Q: How do you implement SCD Type 2 in Delta Lake with SQL?

Give the dimension table a surrogate key plus valid_from, valid_to and is_current columns, then run a two-pass pattern. Pass one is a MERGE that joins the incoming changes on the business key with is_current = 1 in the ON condition, and its WHEN MATCHED clause sets valid_to to the day before the effective date and is_current to 0. Pass two is an INSERT ... SELECT that adds one new current row per change with valid_to held open at 9999-12-31. Each statement commits atomically to the Delta transaction log.

Q: What does an SCD2 MERGE statement look like?

The expire pass reads: MERGE INTO policy_dim AS target USING policy_changes AS source ON target.policy_id = source.policy_id AND target.is_current = 1 WHEN MATCHED THEN UPDATE SET valid_to = '2025-01-14', is_current = 0. The is_current = 1 predicate in the ON condition guarantees the MERGE only touches the active version of each key and never rewrites historical rows. The replacement versions are added by a separate INSERT, because inside a single MERGE the new version of an existing key counts as matched, not as not matched.

Q: How do you handle is_active, start_date and end_date in a MERGE?

Whether your columns are named is_active, start_date and end_date or is_current, valid_from and valid_to, the mechanics are identical. Open rows carry a sentinel end date such as 9999-12-31 and the active flag set to 1. The MERGE's WHEN MATCHED clause closes a row by setting end_date to the day before the change takes effect and the flag to 0, and the follow-up INSERT opens the replacement row with start_date equal to the effective date, the sentinel end date, and the flag back to 1.

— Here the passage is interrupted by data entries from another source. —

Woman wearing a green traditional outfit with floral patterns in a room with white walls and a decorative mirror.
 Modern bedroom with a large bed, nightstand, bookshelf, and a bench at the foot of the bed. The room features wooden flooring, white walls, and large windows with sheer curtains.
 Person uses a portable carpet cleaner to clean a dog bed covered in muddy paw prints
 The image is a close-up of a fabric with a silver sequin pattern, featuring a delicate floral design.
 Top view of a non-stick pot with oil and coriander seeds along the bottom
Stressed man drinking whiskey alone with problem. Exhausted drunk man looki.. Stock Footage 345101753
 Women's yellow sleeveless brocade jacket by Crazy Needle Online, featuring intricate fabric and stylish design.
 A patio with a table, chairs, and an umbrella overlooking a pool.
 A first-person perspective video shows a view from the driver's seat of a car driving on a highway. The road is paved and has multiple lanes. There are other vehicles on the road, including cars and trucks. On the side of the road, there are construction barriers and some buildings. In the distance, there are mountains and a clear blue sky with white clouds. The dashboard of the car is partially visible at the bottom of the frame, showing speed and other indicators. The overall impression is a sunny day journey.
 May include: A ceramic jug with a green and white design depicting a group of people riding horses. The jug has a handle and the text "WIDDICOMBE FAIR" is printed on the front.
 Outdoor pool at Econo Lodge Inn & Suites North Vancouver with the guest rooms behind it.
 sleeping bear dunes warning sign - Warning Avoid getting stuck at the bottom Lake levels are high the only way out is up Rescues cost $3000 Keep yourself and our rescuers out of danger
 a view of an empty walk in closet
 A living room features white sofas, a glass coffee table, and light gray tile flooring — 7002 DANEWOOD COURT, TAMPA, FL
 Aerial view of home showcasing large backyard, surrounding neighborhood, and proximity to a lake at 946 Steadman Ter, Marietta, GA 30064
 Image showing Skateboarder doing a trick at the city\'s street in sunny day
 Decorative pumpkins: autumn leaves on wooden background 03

Q: Can you do SCD Type 2 without PySpark?

Yes. SCD Type 2 is a property of the SQL pattern and the Delta transaction log, not of Spark. Any engine that writes valid Delta commits can run it. DeltaForge, a commercial engine you install on your own infrastructure, executes the whole pattern in PostgreSQL-flavored SQL: CREATE DELTA TABLE, MERGE, INSERT and the verification queries all run from a SQL editor, an ODBC or ADBC connection, or a scheduled pipeline, with no cluster, notebook, or Python environment involved.

Slowly Changing Dimension Type 2 is the standard answer to a question every warehouse eventually faces: what did this record look like on a given date? Instead of overwriting a dimension row when an attribute changes, you expire the old row and insert a new version, so the table accumulates a complete, queryable history. Insurance, finance, and other regulated industries do not treat this as optional; an auditor asking which coverage a policy carried last March expects an answer from the data, not from a backup.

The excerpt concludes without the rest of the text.